Mining is a key component of the kingdom’s drive to attract foreign direct investment as laid out in the Vision 2030 plan. It aims to more than triple the mining sector’s contribution to the nation’s economic output by the end of the decade.

Meanwhile, Ma'aden swung to a net profit of 890 million Saudi riyals ($237.30 million) in the fourth quarter of 2023, from a loss of 83 million riyals in the third quarter, the company said in a filing to the Tadawul stock exchange, where its shares are traded.

Revenue during the same period jumped 29 per cent to 8.04 billion riyals, supported by higher overall sales prices and volumes.

Ma’aden, one of the largest exporters of phosphate fertilisers globally, said fourth-quarter sales from its phosphate business stood at 4.72 billion riyals, up from 3.25 billion riyals in the third quarter.

The company’s aluminium sales grew 12 per cent quarter-over-quarter to 2.4 billion riyals in the final three months of 2023.

Ma’aden’s sales of base metals and minerals, which includes gold, rose to 897 million riyals in the fourth quarter from 812 million riyals in the third quarter.

For the full-year 2023, the company’s net profit dropped 83 per cent year-on-year to 1.58 billion riyals, while revenue fell 27 per cent to 29.27 billion riyals.
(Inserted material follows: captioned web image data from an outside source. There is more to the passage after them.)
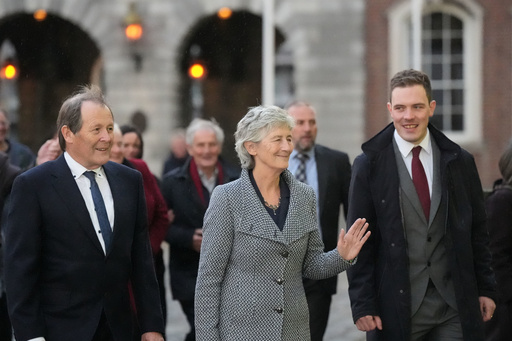 Left-wing independent presidential candidate Catherine Connolly arrives at Dublin Castle for the count in Ireland's presidential election to replace Michael D. Higgins, who has served the maximum two seven-year terms, on Saturday, Oct. 25, 2025. (Niall Carson/PA via AP) Left-wing independent presidential candidate Catherine Connolly arrives at Dublin Castle for the count in Ireland's presidential election to replace Michael D. Higgins, who has served the maximum two seven-year terms, on Saturday, Oct. 25, 2025. (Niall Carson/PA via AP)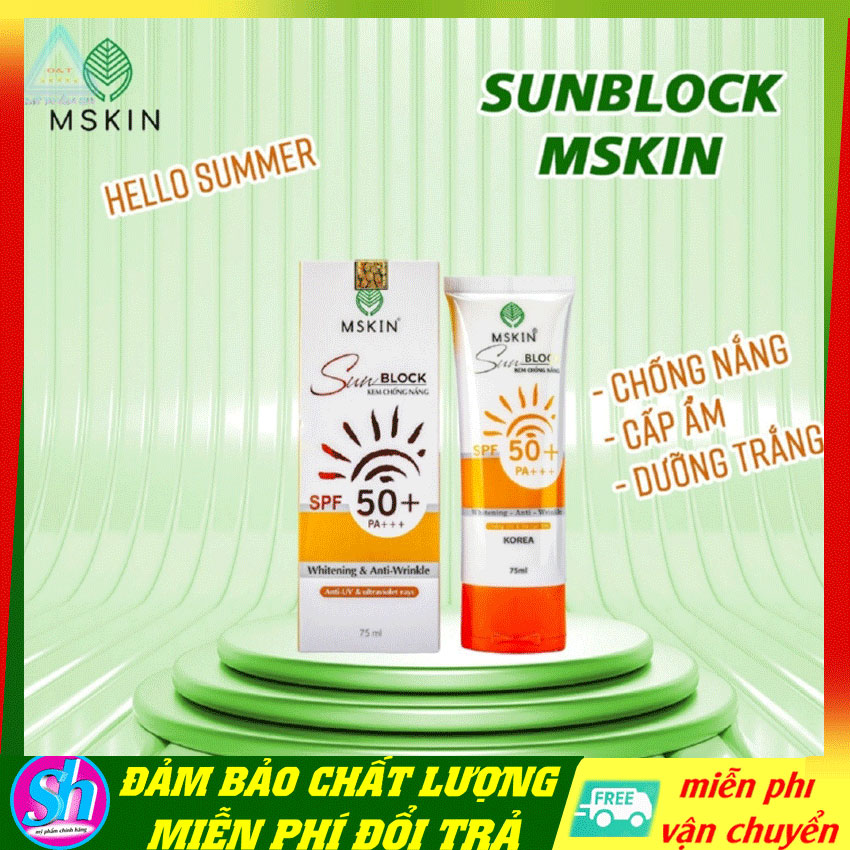 Kem chống nắng da mặt hàn quốc Mskin, nâng tone lâu trôi dùng đa dầu 75ml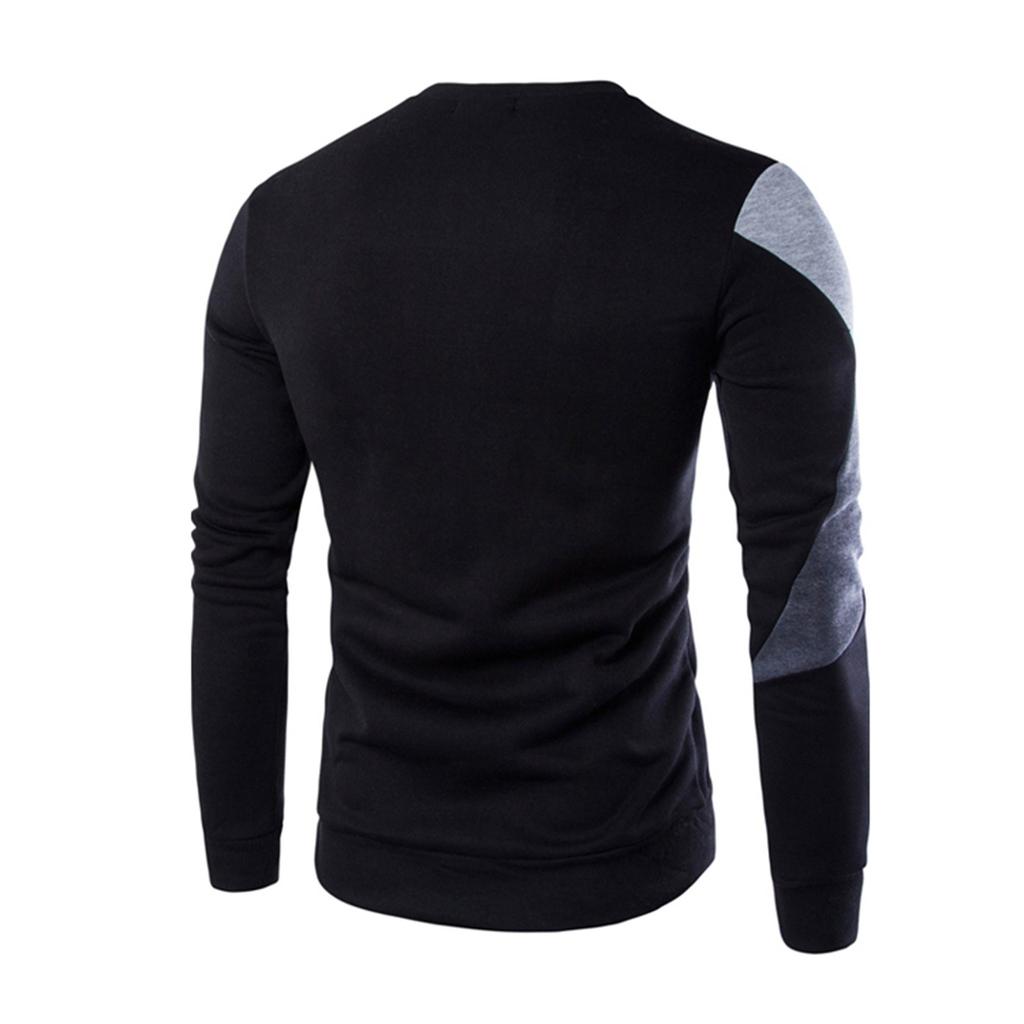 Herr Casual Slim Långärmad T-shirt Passform Skjorta Rundhalsad Patchwork Topp Blus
Russia's invasion of Ukraine in 2022 exacerbated already tight global fertiliser supplies, boosting prices to all-time highs.
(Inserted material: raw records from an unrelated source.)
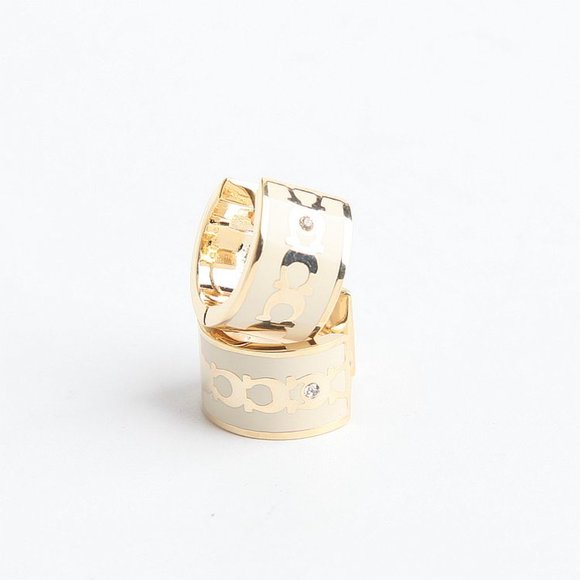 BRAND NEW COACH SIGNATURE ENAMEL HOOP EARRING GOLD/IVORY - Picture 5 of 9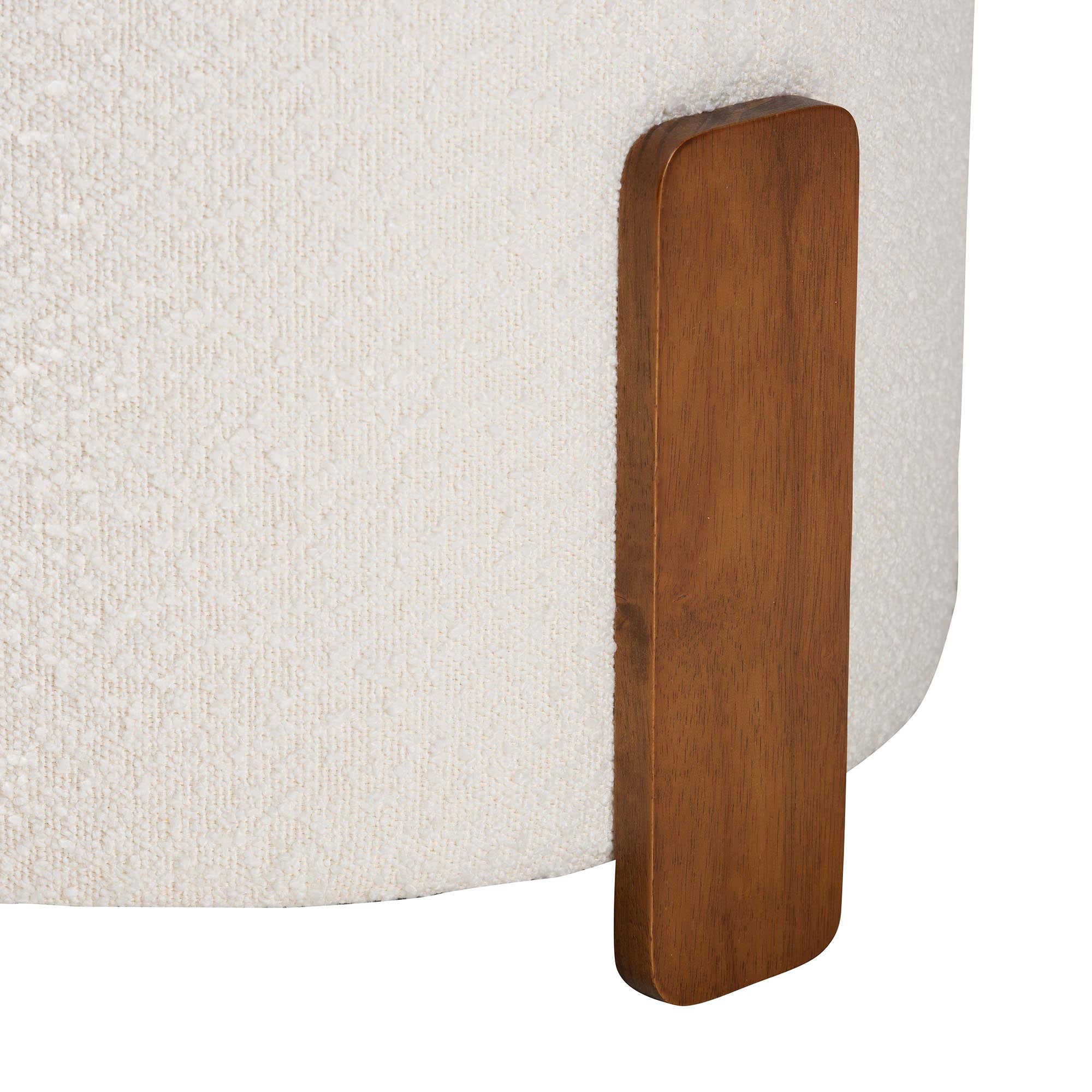 Finlay Modern Japandi Cream Boucle Fabric and Walnut Brown Finished Wood Ottoman Footstool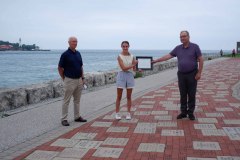 Nicole Guthrie (centre) is awarded with the 2021 A.W. Campbell Memorial Scholarship by former St. Clair Region Conservation Authority Chair, Joe Faas (right) and Vice-chair, Larry Gordon (left).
Ma’aden expects the global phosphate market to remain stable this year, with higher demand in key markets offsetting a return in supply.

Following a period of reduced manufacturing activity worldwide, the aluminium market is projected to become more stable in 2024 amid increasing demand for the metal in North America and Europe, coupled with a recovery of manufacturing activity in China, the company said.

Ma’aden warned that the prices of natural gas and diesel used in its operations will rise slightly from the first quarter, which will increase the company’s total annual cost of sales by about 3.2 per cent.

“We continue to monitor disruptions in the Red Sea and work with our customers to minimise impact,” the company said.